Now, I am not talking Michael Jackson bad, where "bad" means "good" and "good" means "good" but not as good as "bad" is good, Michael Jackson "bad" that is.  No, I mean bad. Old school, definition number one bad.  There are a couple of categories of bad church signs that we can see.

1. Head-Turners.  These are the signs that need paragraphs and/or a degree in Church Signology to understand. They require an extended time to read and, while driving down a road, this can be a bad(bad "bad") thing.

2. Head-Scratchers. These are signs that make little-to-no sense to anyone other than the person who put it up(if them, even).  Pith has been substituted for clarity and/or the abbreviations/textese is indiscernible to the average person.

But the baddest of the bad are the third.
3. Head-slammers. These are the ones that fill you with an unhealthy desire to slam your head and the author's head into the steering wheel of your car.

I encountered one of these in Denison for a couple of weeks now. It reads "Where will you spend eternity? Smoking or Non-smoking?"  In fairness, this pithy little ditty has made it's way onto numerous cars that I have seen via chain Christian retail stores and their wide assortment of obnoxious bumper stickers. So I do not want to pin this church sign engineer with being the progenitor of this gem. But as I encountered this statement it made me realize how much we say when we say things and how our words are a window into our beliefs. For out of the overflow of the heart, the mouth speaks.

What stood out to me about the sign is the lack of gravity and seriousness about hell that the sign conveys. To take a topic and treat it in such a flippant manner conveys one of two things, if not both.

1. We don't believe the Bible about hell.  To be so careless about how we handle such a grave topic may simply indicate we do not believe it to be such a grave topic.

When Rob Bell penned "Love Wins"(his controversial book on the topic of hell in which he affirmed a slight variation of traditional universalism and denied the historical orthodox understanding of hell) Bell separated himself from biblical, orthodox, Christian theology, but I do not believe he separated himself very far from the genuine heart beliefs of many who would consider and call themselves evangelical Christians.
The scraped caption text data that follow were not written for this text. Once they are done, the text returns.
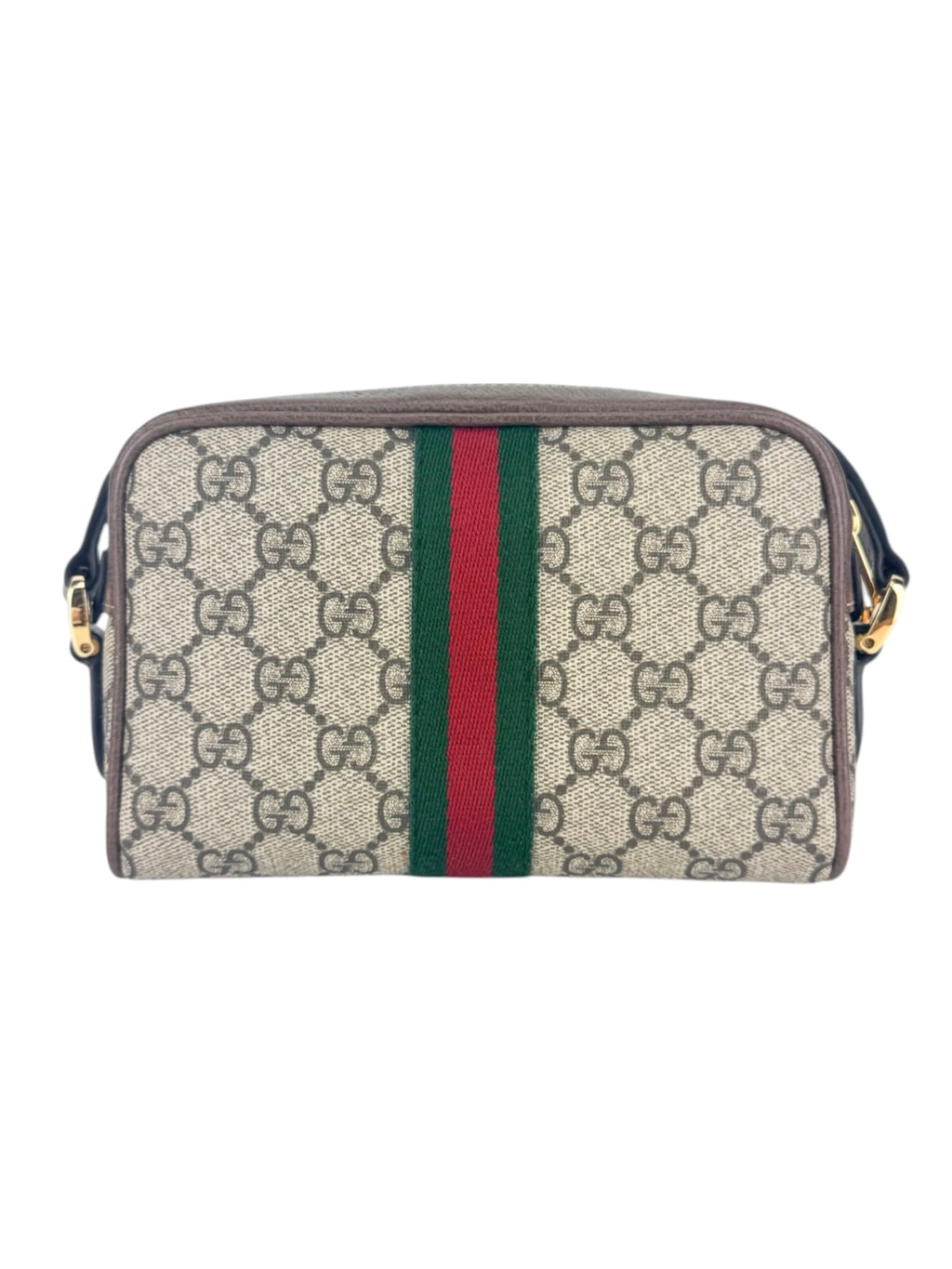 Gucci Brown and Beige Coated Canvas and Leather Ophidia Camera Bag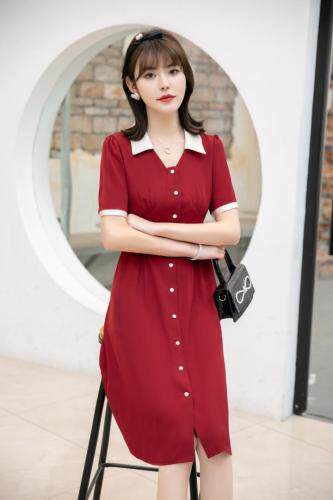 夏季新款连衣裙，女装连衣裙，水锦红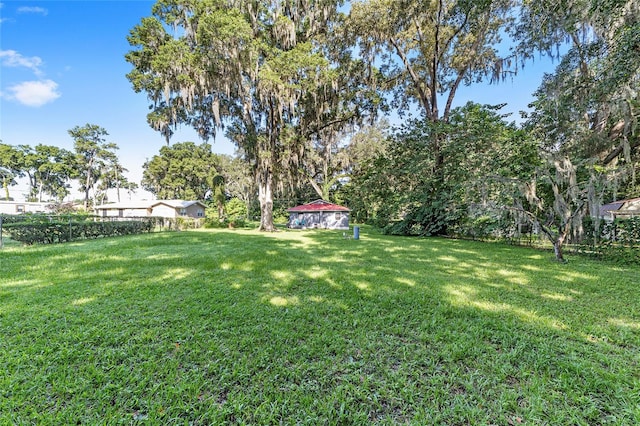 view of yard with a gazebo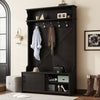 Hall Tree With Top Shelf And Storage Bench, Hallway Shoe Cabinet With Sliding Doors, Coat Rack With 5 Hanging Hooks For Entryways Hallways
Putting aside any initial negative reaction due to the aspect of tradition and culture, I believe many would see little issue with Bell's take on eternity.  And even for those who could never mentally affirm a denial of the Bible's teaching on hell, a flippant attitude like the one expressed in the church sign shows that in practice at least, the denial exists.

What makes me believe this to be true?  I have a difficult time thinking we could genuinely believe what the Bible teaches about hell and be so lighthearted about it. The Bible teaches of hell being a place of torment, darkness, weeping and gnashing of teeth. It is hell, literally. Chan and Sprinkle do a great job addressing Bell and the topic of hell in their book, but suffice it to say that hell is a place of unimaginable horror. Not necessarily something to treat as if it is nothing.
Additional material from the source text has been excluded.